Member of the Virginia House of Delegates from the 59th district
- In office January 11, 2012 – January 10, 2024
- Preceded by: Watkins Abbitt, Jr.
- Succeeded by: Eric Zehr (redistricting)

Personal details
- Born: Charles Matthew Fariss May 11, 1968 (age 58) Lynchburg, Virginia, U.S.
- Party: Independent (2023–present)
- Other political affiliations: Republican (2011–2023)
- Spouse: Crystal Dawn Brown
- Children: Hunter, Bobby, Harrison
- Occupation: Farmer, businessperson
- Committees: Agriculture, Chesapeake and Natural Resources Militia, Police and Public Safety

= Matt Fariss =

American politician (born 1968)

Charles Matthew Fariss (born May 11, 1968) is an American businessman and politician. He represented the 59th district, made up of Appomattox County and Buckingham counties, and parts of Albemarle, Campbell, and Nelson counties between Charlottesville and Lynchburg. He was first elected to the Virginia House of Delegates in 2011 as a Republican.
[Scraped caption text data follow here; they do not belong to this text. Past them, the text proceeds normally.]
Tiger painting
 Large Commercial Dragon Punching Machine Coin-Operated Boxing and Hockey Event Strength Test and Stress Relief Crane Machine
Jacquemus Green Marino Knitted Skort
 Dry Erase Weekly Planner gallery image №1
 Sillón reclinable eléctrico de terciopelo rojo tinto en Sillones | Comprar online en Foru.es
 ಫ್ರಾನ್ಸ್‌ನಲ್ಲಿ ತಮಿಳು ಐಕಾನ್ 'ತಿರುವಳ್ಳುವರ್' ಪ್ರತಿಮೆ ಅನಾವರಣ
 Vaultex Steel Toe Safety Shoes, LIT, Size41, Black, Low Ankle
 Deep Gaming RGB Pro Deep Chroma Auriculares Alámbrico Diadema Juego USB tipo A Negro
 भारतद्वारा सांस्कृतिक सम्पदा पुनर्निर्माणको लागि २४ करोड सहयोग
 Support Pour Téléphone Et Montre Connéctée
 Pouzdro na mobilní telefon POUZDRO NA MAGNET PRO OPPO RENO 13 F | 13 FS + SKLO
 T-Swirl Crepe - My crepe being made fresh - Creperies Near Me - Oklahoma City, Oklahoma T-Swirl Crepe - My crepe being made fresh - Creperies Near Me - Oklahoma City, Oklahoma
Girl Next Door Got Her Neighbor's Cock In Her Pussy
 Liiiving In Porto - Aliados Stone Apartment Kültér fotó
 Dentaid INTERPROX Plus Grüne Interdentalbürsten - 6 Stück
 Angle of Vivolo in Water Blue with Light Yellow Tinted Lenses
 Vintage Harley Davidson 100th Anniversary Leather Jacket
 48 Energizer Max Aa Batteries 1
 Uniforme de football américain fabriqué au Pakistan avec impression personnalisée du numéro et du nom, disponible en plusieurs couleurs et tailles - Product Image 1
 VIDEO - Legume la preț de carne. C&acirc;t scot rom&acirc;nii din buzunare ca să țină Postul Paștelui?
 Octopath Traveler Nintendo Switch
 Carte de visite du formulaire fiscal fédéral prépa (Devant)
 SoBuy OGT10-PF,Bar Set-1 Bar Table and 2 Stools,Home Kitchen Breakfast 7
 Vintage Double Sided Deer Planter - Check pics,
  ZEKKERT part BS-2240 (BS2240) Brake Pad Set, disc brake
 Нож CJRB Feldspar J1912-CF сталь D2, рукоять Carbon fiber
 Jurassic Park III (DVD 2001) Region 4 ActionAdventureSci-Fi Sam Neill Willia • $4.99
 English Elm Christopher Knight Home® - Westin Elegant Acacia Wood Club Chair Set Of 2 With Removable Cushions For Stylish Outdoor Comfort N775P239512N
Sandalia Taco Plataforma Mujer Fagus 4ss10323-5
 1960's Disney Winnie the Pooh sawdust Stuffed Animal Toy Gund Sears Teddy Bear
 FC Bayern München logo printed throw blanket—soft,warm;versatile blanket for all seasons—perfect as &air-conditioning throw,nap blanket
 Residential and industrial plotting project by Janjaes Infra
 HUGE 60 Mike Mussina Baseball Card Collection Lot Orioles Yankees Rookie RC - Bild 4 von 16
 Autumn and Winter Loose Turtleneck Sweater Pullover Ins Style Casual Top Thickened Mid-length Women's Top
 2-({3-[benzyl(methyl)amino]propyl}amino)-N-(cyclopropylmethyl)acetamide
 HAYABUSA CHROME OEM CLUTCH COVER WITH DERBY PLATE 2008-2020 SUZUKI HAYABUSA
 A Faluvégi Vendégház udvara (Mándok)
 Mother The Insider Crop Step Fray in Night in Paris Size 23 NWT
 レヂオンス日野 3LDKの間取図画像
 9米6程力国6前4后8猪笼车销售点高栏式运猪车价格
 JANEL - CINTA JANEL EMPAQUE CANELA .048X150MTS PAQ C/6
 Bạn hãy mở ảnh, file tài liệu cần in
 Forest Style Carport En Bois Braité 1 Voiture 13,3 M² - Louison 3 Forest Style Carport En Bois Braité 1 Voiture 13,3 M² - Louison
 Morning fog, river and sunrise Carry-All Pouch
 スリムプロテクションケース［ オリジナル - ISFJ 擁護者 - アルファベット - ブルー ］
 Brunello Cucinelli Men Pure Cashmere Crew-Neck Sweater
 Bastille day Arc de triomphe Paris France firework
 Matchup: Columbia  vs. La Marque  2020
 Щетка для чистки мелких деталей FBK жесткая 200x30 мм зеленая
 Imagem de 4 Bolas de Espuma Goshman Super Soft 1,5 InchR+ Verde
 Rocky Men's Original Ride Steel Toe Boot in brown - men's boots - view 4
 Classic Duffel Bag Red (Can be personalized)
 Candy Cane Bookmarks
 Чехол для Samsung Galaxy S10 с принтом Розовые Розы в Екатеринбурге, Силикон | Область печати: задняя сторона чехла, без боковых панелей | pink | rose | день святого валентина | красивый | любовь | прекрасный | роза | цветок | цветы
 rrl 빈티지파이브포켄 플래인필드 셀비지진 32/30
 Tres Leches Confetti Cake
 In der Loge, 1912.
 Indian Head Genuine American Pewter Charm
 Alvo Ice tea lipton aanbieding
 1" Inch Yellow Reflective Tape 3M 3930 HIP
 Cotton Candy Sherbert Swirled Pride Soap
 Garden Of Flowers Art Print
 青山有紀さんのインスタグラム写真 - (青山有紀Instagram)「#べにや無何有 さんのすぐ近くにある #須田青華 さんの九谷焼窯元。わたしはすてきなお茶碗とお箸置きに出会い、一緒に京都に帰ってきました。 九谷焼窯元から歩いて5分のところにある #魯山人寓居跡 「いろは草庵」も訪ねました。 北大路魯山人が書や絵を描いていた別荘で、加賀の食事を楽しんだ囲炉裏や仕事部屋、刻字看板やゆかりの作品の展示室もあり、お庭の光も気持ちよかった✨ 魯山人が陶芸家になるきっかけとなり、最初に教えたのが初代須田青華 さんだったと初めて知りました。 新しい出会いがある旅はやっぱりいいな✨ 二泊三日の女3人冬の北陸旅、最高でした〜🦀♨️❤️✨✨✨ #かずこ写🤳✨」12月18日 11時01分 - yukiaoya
After being charged with several crimes in 2023, he became an Independent candidate in the 2023 election, coming in third.

==Early life, education, business career==
Fariss grew up on a farm. After graduating from Rustburg High School, he went into farming himself, and expanded into other related businesses, including co-ownership of the Lynchburg Livestock Market.

Fariss married Crystal Dawn Brown. They have three children, Hunter, Bobby and Harrison.

==Political career==
In 2011, the 59th district incumbent, independent Watkins Abbitt, Jr., announced his retirement after 26 years of service. Fariss, the Republican nominee, won a three-way race against Democrat Connie Brennan and independent Linda M. Wall, receiving 52.98% of the vote. Fariss labeled himself as a social conservative, opposing abortion, as well as same-sex marriage.

In October 2019, Fariss potentially violated Virginia campaign finance code by holding a fundraiser via raffle.

In 2022, Virginia's legislature reapportioned legislative districts following the U.S. Federal census, after which the 59th district covered counties substantially north and east of what had been Fariss' district, and the counties that had been in his district were now in the 51st legislative district. On June 20, 2023, Fariss filed for reelection as an Independent after missing the GOP Legislative District Committee's March 30 deadline amidst his legal troubles.

On November 7, 2023, Fariss finished a distant third in a three-way race, losing to both Republican nominee and winner Eric Zehr (who won 69% of votes cast) as well as Democratic nominee Kimberly Moran (22%). Fariss only won approximately 8% of the votes cast.

==Legal troubles==
In January 2016, Fariss was charged with two incidents. These included a misdemeanor breach of peace and a hit and run accident in which property was damaged but no people were hurt.

In April 2023, Fariss was charged with malicious wounding, failing to stop after an accident, and reckless driving after striking a woman with his SUV the previous month. Prior to striking the woman, Fariss had been angrily demanding that the woman get back into his vehicle after she left his vehicle on foot to get away from him. Fariss fled after a bystander who witnessed the scene shouted out. On March 5, 2024, Fariss was found not guilty on all three charges but was convicted of the lesser charge of improper driving and ordered to pay $500.

Fariss was arrested on March 23, 2024, on felony charges for possession of methamphetamines and a firearm, and a misdemeanor charge of violating a protective order. Initially held without bail, he was released on bond on April 2 subject to drug testing. An October 1 bail review hearing revealed that Fariss had tested positive for drugs but the court gave him another chance. Fariss was arrested again on October 25 following another positive drug test. Fariss was jailed and was sentenced to time served after pleading guilty on November 13.